I'm a bit confused by your sentence:
""Would've" me doesn't really work fur possession. Instead you can use "would have""
That's the same thing, isn't it? My idea with using "would've" was that IPoAC would have it's purpose, if it was a thing. I'm missing the descriptive word in either language right now.
The word "have" is used in two different ways. One way is to own or hold something, so if I'm holding a pencil, I have it. But another way is as a way so signal different tenses (as in grammatical tense) so you can say "I shouldn't have done it" or "they have tried it before." The contraction "'ve" is only used for tense, but not to own something. So, the phrase "they've it" is grammatically incorrect.
IPoAC is a joke about printing actual IP packets, sending them by pigeon, then scanning them.
You do the whole usual TCP ACK/SYN thing, but with pigeons.
It's not the same as 'sneakernet, but strapping microsd cards to a pigeon'. It's way, way sillier.
But also super high throughput.
The protocol is highly susceptible to DOS attacks by means of BB guns, slingshots or, for more sophisticated hackers, trained hawks.
"Unintentional encapsulation in hawks has been known to occur, with decapsulation being messy and the packets mangled."
Or more sophisticated hawks
more sophisticated hawkers, if you will
"an example of packet loss" 🤣
Yes, we also saw the same post you did.
Some guys actually managed to do a ping using this standard.
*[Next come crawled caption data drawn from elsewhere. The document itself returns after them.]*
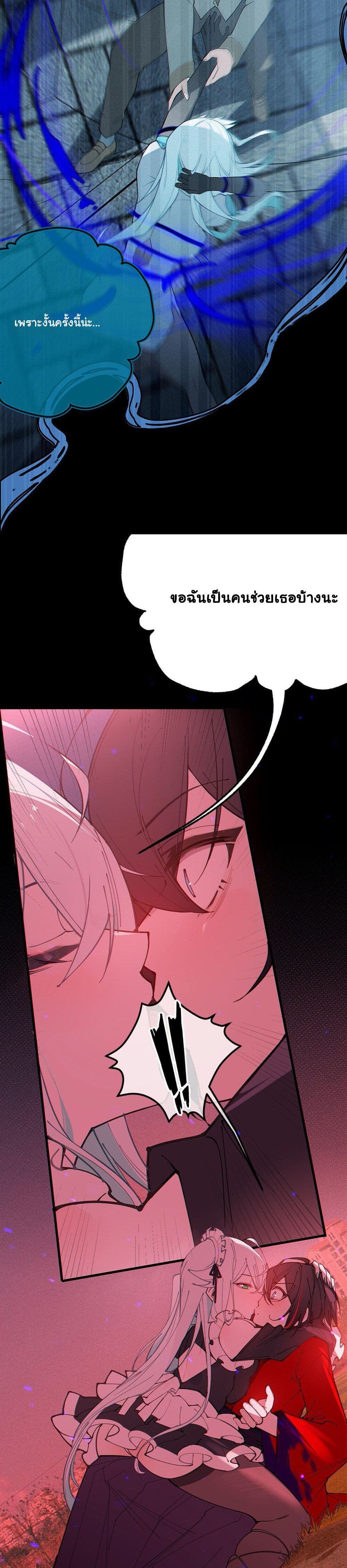 My Skin To Skin Experience With A Sexy Ghost page 8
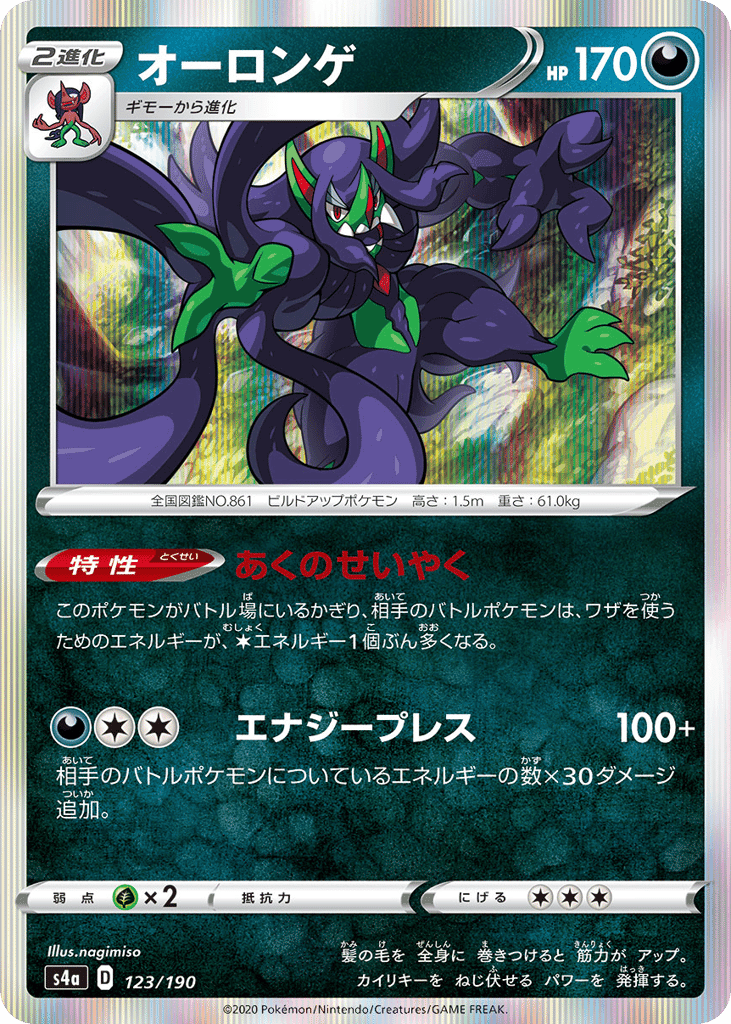 Grimmsnarl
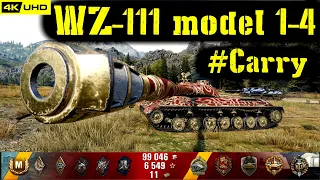 World of Tanks WZ-111 model 1-4 Replay - 8 Kills 7.2K DMG(Patch 1.5.0)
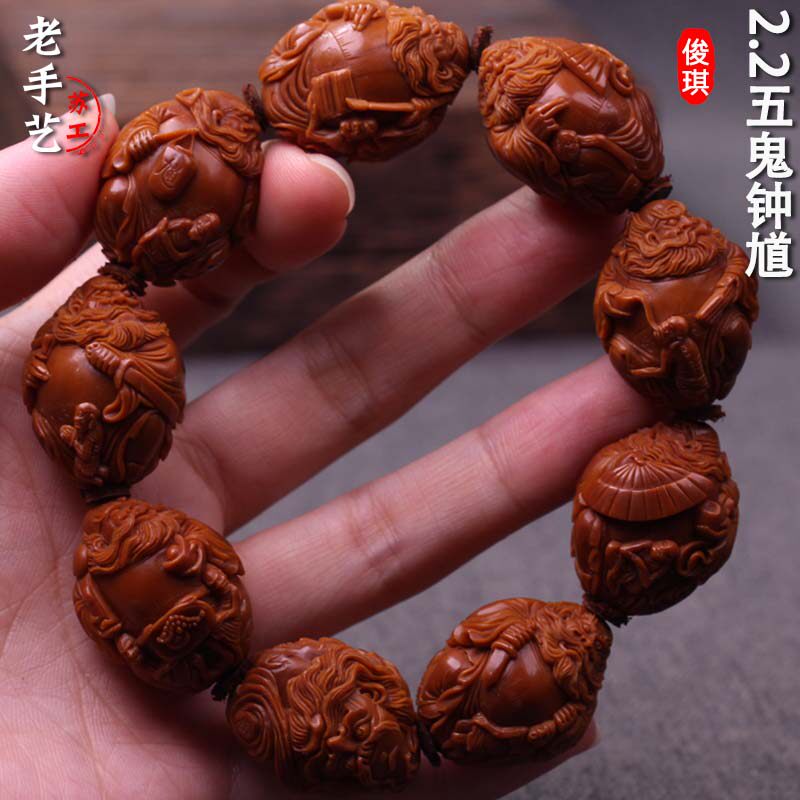 Su Gong Zhoushan pure handmade five ghost Zhongkui olive stone carving bracelets 2 2 large seed olives Hu Shouji boutique male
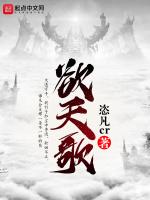 欲天歌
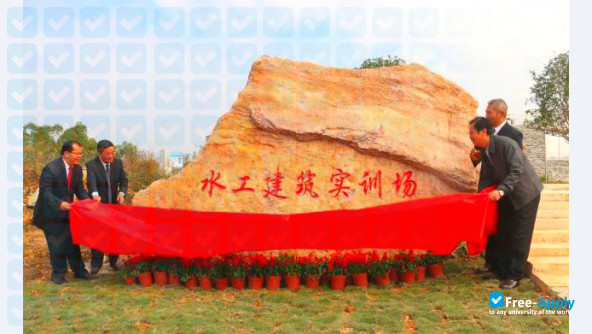 Foto de la Guangxi Electrical Polytechnic Institute #6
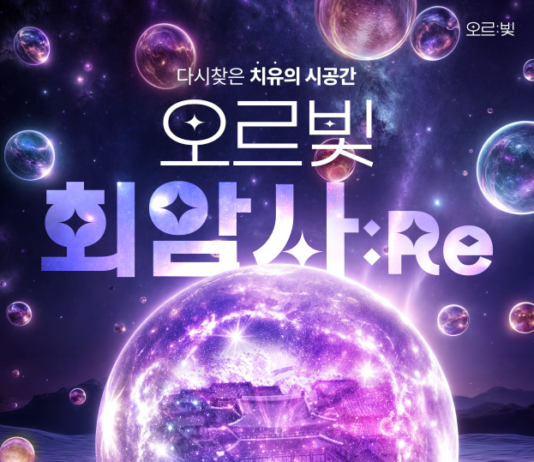 10월 2~27일 양주 회암사지에서 ‘오르빛 회암사:Re’ 전시 개최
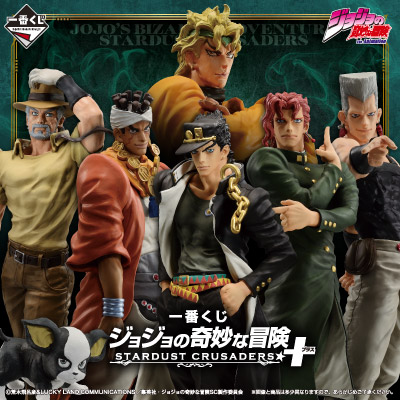 一番くじ ジョジョの奇妙な冒険 STARDUST CRUSADERS ＋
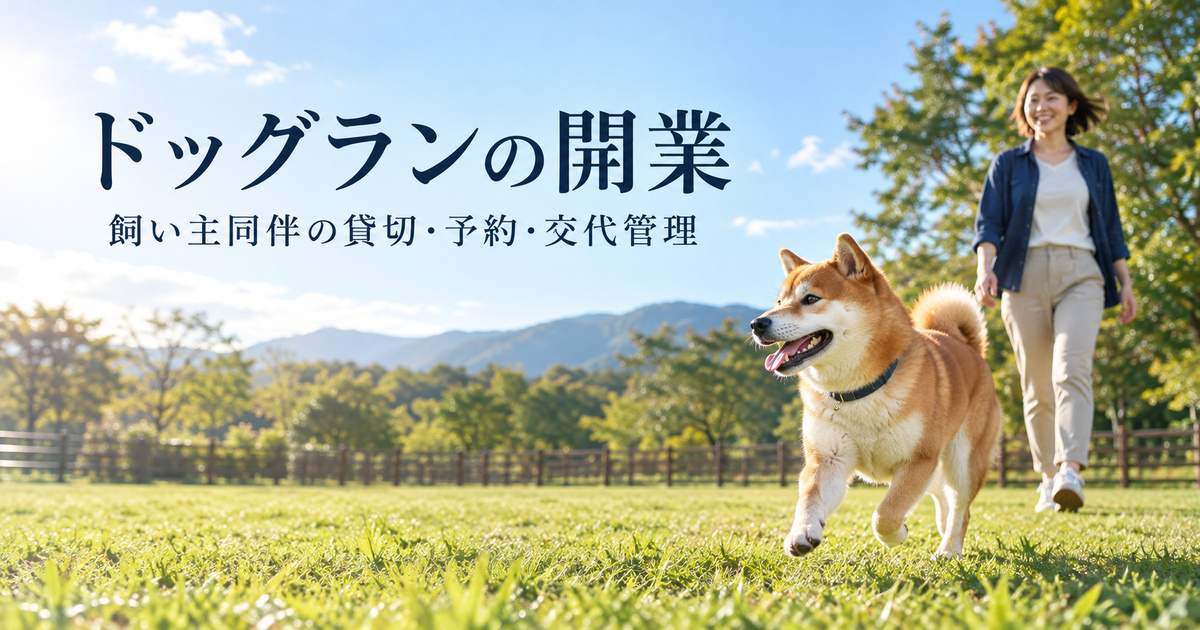 緑の屋外区画で飼い主と一頭の犬が過ごす架空のドッグラン開業イメージ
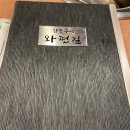 와떤길참숯구이 네이버블로그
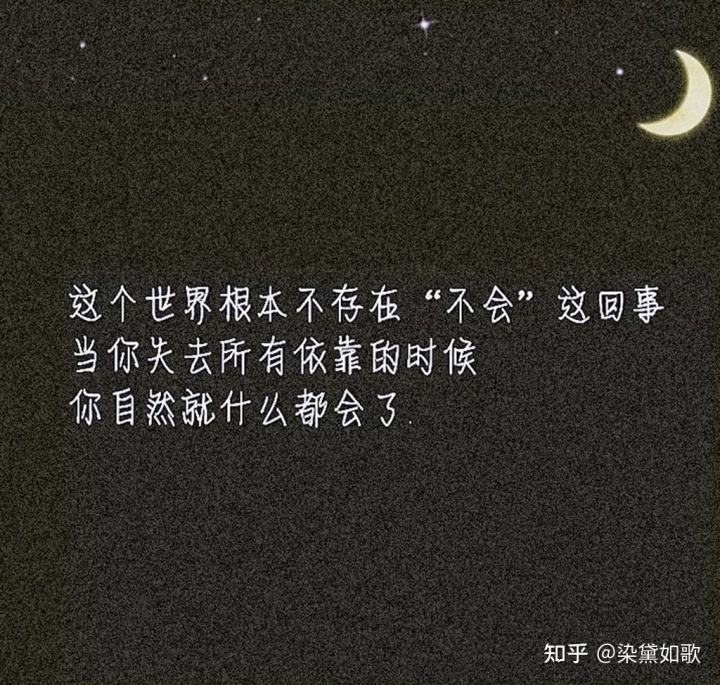 励志文案十八楼(关于十八楼的文案)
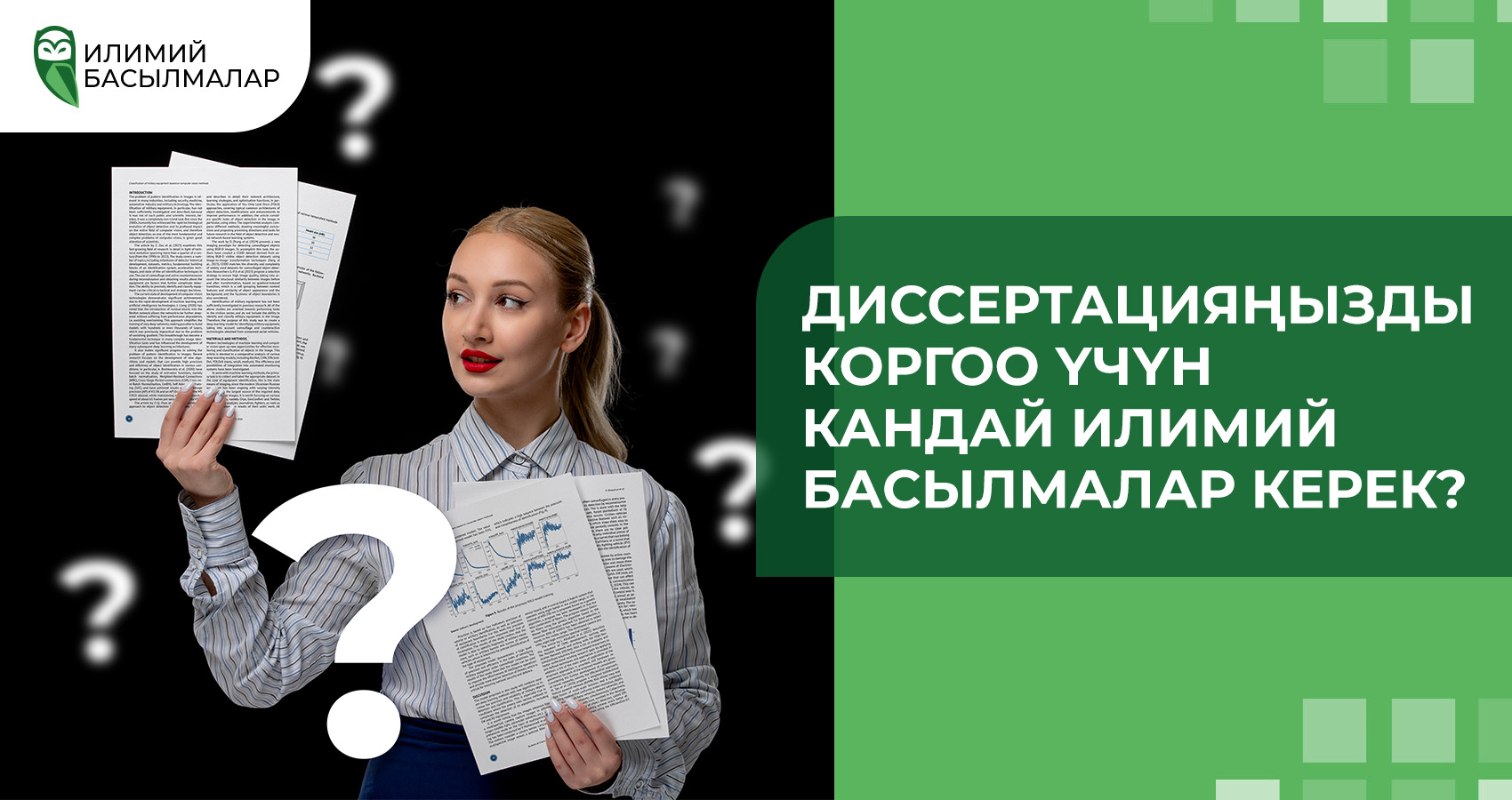 Диссертацияңызды коргоо үчүн кандай илимий басылмалар керек?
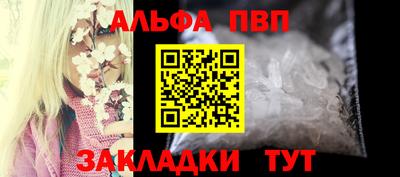 spice Пугачёв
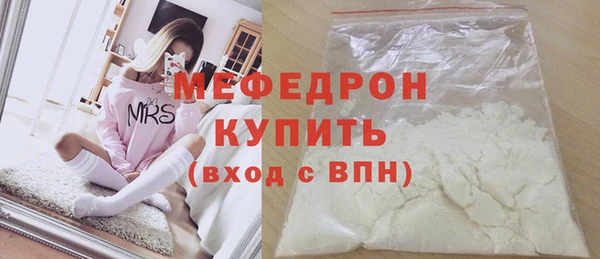каннабис Янаул
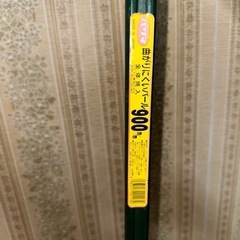 バクマ　バール　900mmの画像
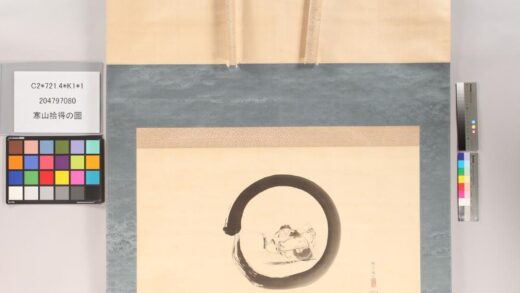 4910 寒山拾得的图 0622010904 1.jpg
I saw pictures and all.
Please note that IPoAC may suffer fatal device failure when delivering HTTP 418 error codes due to packet overheating.
Ahh, the good old RFCs dated April, 1st. This one is number 1149 ( A Standard for the Transmission of IP Datagrams on Avian Carriers), and got later updated in RFC 2549 (IP over Avian Carriers with Quality of Service).
So Alfred Hitchcock predicted DDOS attacks decades before they were a thing?
I only torrent over IPoAC.
Routing information protocol, little pigeon, routing information protocol.
Imagine playing a shooter over a network using this protocol.
You need to set a pretty damn high timeout time for this to work.
That said, the bandwidth of strapping microSD cards to carrier pigeons is actually pretty high.
Reminds be of the conversations about transferring hard drives using the public transport system in my city. Good bandwidth, terrible latency. Then everyone got faster internet and stopped pirating
"Never underestimate the bandwidth of a station wagon full of tapes hurtling down the highway." – Andrew Tanenbaum
Government drone birds can handle surprisingly large amounts of data.
My neighbor bought a bird feeder, how do I defend against MitM?
Buy better seed and a bird bath.
So it's obviously not a sneakernet. Is it a wingnet?